NGK spark plugs are manufactured with a trivalent plating. The spark plugs display a silver or chrome finish on the threads. The trivalent plating reduces corrosion resistance from moisture and chemicals. The trivalent coating also acts as a release agent during spark plug removal. NGK spark plugs should be installed DRY, WITHOUT anti-seize.


NGK reports that tech support personnel have received a number of calls from installers who have over-tightened spark plugs because of the use of anti-seize. Anti-seize is a lubricant and affects torque values by up to 20 percent. If you use anti-seize against NGK recommendations, you MUST decrease the set torque on your torque wrench by that amount or risk breaking the spark plug, distorting the shell, or damaging cylinder head spark plug threads.

Autolite’s position on anti-seize

Autolite does NOT recommend the use any type of anti seize lubricant when installing new Autolite spark plugs. Since anti-seize compounds contain metallic, electrically conductive ingredients, the ingredients can come in contact with the electrodes on the spark plugs, leading to misfires. Anti seize lubricants also introduce a torque multiplying effect, leading to cylinder head spark plug thread distortion, galling and cylinder head damage.

Autolite applies a nickel plating to the threads of new spark plugs that resists corrosion and seizing.

AC/Delco’s position on anti-seize

AC spark plugs should be installed dry.

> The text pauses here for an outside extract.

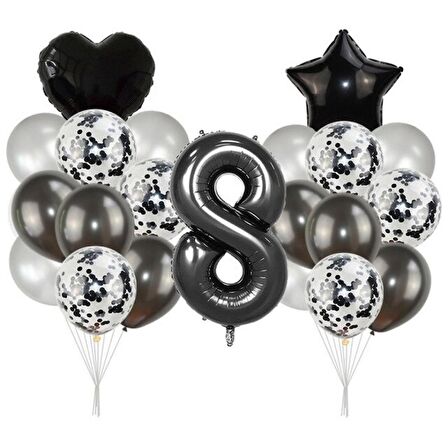 8 Yaş Siyah Balon Seti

Do NOT use any type of anti-seize lubricant on spark plug threads. Anti-seize lubricants decrease the amount of friction between the threads, resulting in over tightening. That can cause the spark plug to move too far into the combustion chamber (in crush washer applications). Over-tightening can also distort the spark plug shell, causing a leak which would allow blowby to pass through the gasket seal between the shell and insulator. Over-tightening also results in extremely difficult removal.

Champion spark plug position on anti-seize

Champion spark plugs are zinc plated to reduce the chance of seizure in aluminum cylinder heads. Champion then applies Tin Tac” and ULTRASEAL’M coatings over the plating to further reduce corrosion and seizure. Anti-seize should NOT be applied to new Champion spark plugs.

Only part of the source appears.